Reyes and family have been involved in promoting virtual fencing since Border Patrol contractors started laying out the first components of the electronic surveillance system in the late 1990s.
But it wasn’t until the Inspector General (OIG) of the federal government’s General Services Administration (GSA) in December 2004 released an audit of the border electronic surveillance project, then-called the Integrated Surveillance Intelligence System (ISIS), that the some of the details of the electronic surveillance project were publicly revealed.
The audit focused on the Border Patrol’s relationship with the two ISIS contractors, starting with the Alaska native-based Chugach Development Corp. (headquartered in Virginia) and continuing with its successor International Microwave Corp. Rebecca Reyes, daughter of Rep. Reyes, directed the ISIS project for the two contractors.
According to GSA, the audit review of ISIS encountered serious management issues that undermined the value of the more than $200 million that had been spent on the surveillance project. The GAO inspector general found, among other things, that ISIS suffered from: “lack of competition in the awarding” of the contract, “inappropriate contract for construction services,” “inadequate contract administration and project management,” “providing equipment without contract approval,” and “ineffective management controls.”
The GSA inspector general’s audit concluded that the government had paid for "shoddy work" or "for work that was incomplete or never delivered." Official inattention to the contracted project "placed taxpayers' dollars and . . . national security at risk."

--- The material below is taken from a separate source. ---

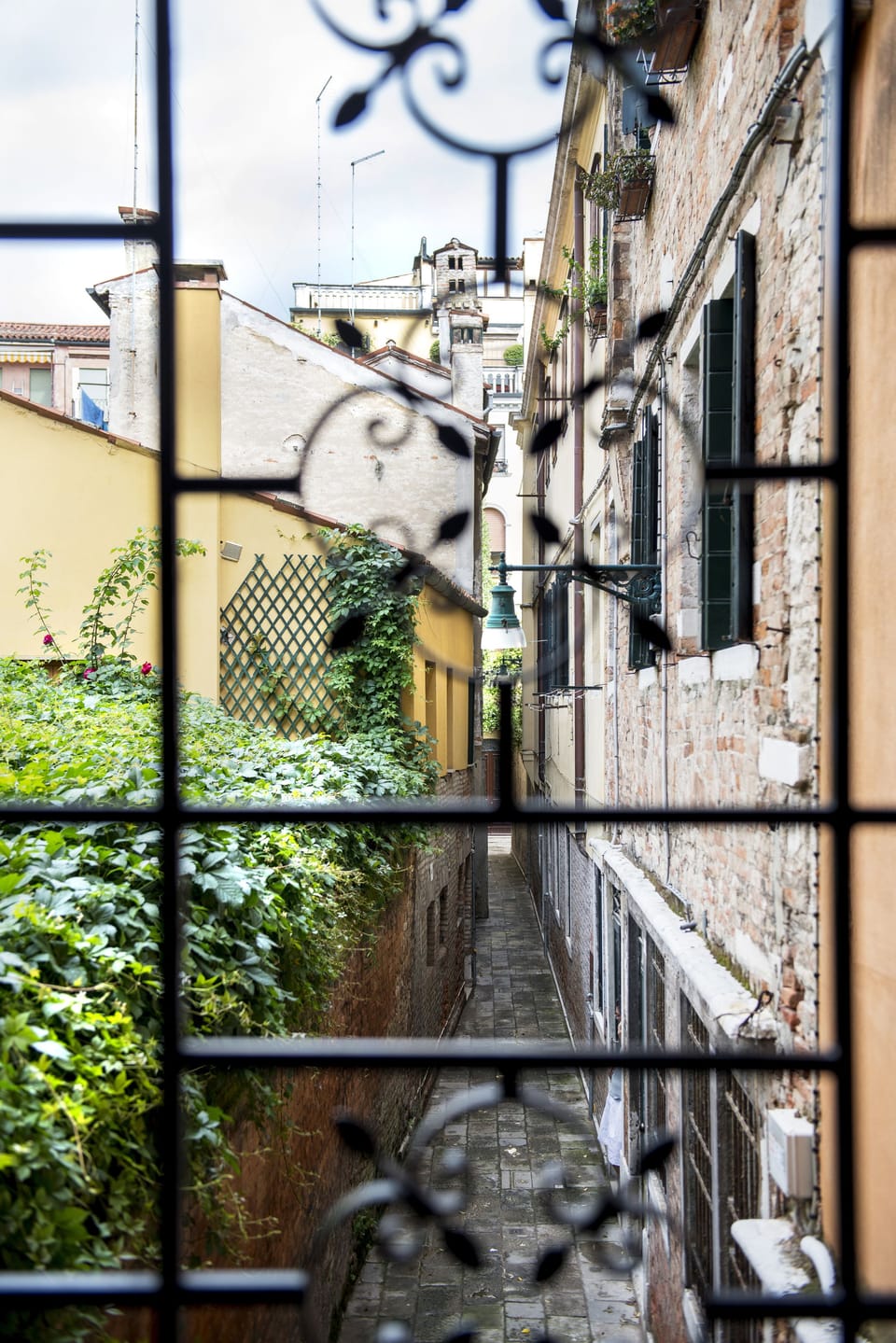 Standard Single Room | View from room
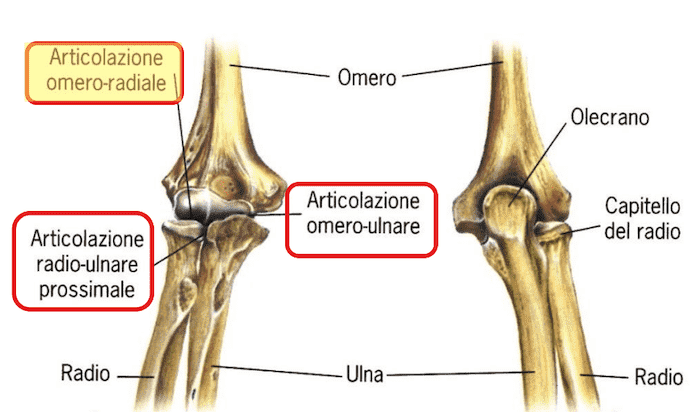 Articolazione omero-radiale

A follow-up investigative report by the Washington Post (April 11, 2005) detailed the chronology of ISIS deployment in which Rep. Reyes and his daughter, Rebecca, played major roles.
The Post recounted how Walter Drabik of the Immigration and Naturalization Service (INS) had launched the ISIS project in 1996 shortly after former Border Patrol Chief Reyes arrived in Washington. Reyes came to Congress as a strong proponent of electronic surveillance, while opposing proposals for an extended border fence.
A $2-million contract with the Alaska-based Chugach Development Corp. was soon succeeded by a series of multimillion contracts with International Microwave Corp. From its 1999 beginning ISIS was subject to controversy, intra-agency tensions, and allegations of inside dealings.
According to the Post report:
"Over the objections of Border Patrol officials, INS official Walter Drabik chose cameras distributed by a firm called ISAP. U.S. officials and contractors said IMC [International Microwave Corp.] had bought the ISAP firm without disclosing it to U.S. officials. This allowed IMC to buy cameras from its own subsidiary, substantially increasing profits. Undisclosed self-dealing could be illegal."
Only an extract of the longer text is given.